• **INSTRUCTIONS TO FOLLOW**:
Please print the entries exactly, omitting each image.

::: TASK INPUT :::

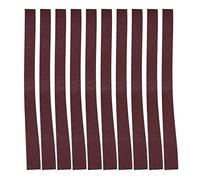 10 pezzi di levigatura di levigatura di ossido di alluminio 760x25mm Premium Abrasive Bands per la levigatura in legno in legno in legno di legno 60 80 100 120 150 180 GRANT (60 °)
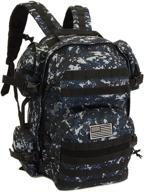 🎒 npusa men's large expandable tactical molle hydration ready backpack daypack bag - acu navy digital camo: ultimate outdoor gear! logo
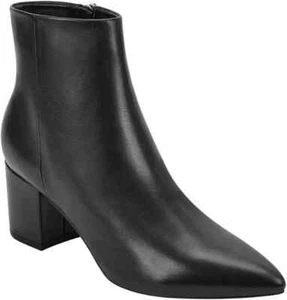 NWB Marc Fisher Jelly- M Leather Black Booties sz 9M - Picture 1 of 19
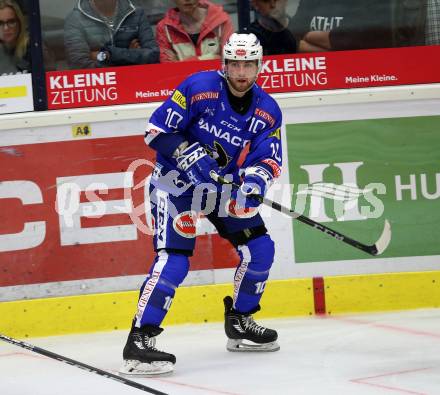 EBEL. Eishockey Bundesliga. EC VSV gegen KHL Medvescak Zagreb. 	Trivino Corey (VSV). Villach, am 1.9.2018.
Foto: Kuess 


---
pressefotos, pressefotografie, kuess, qs, qspictures, sport, bild, bilder, bilddatenbank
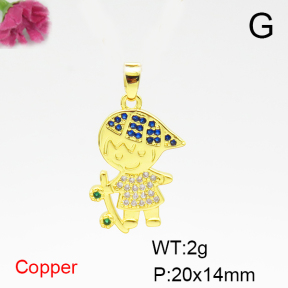 Fashion Copper Pendant  F6P400570aajl-L024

:::

• **ANSWER SECTION**:
 10 pezzi di levigatura di levigatura di ossido di alluminio 760x25mm Premium Abrasive Bands per la levigatura in legno in legno in legno di legno 60 80 100 120 150 180 GRANT (60 °)
 🎒 npusa men's large expandable tactical molle hydration ready backpack daypack bag - acu navy digital camo: ultimate outdoor gear! logo
 NWB Marc Fisher Jelly- M Leather Black Booties sz 9M - Picture 1 of 19
 EBEL. Eishockey Bundesliga. EC VSV gegen KHL Medvescak Zagreb. 	Trivino Corey (VSV). Villach, am 1.9.2018.
Foto: Kuess 


---
pressefotos, pressefotografie, kuess, qs, qspictures, sport, bild, bilder, bilddatenbank
 Fashion Copper Pendant  F6P400570aajl-L024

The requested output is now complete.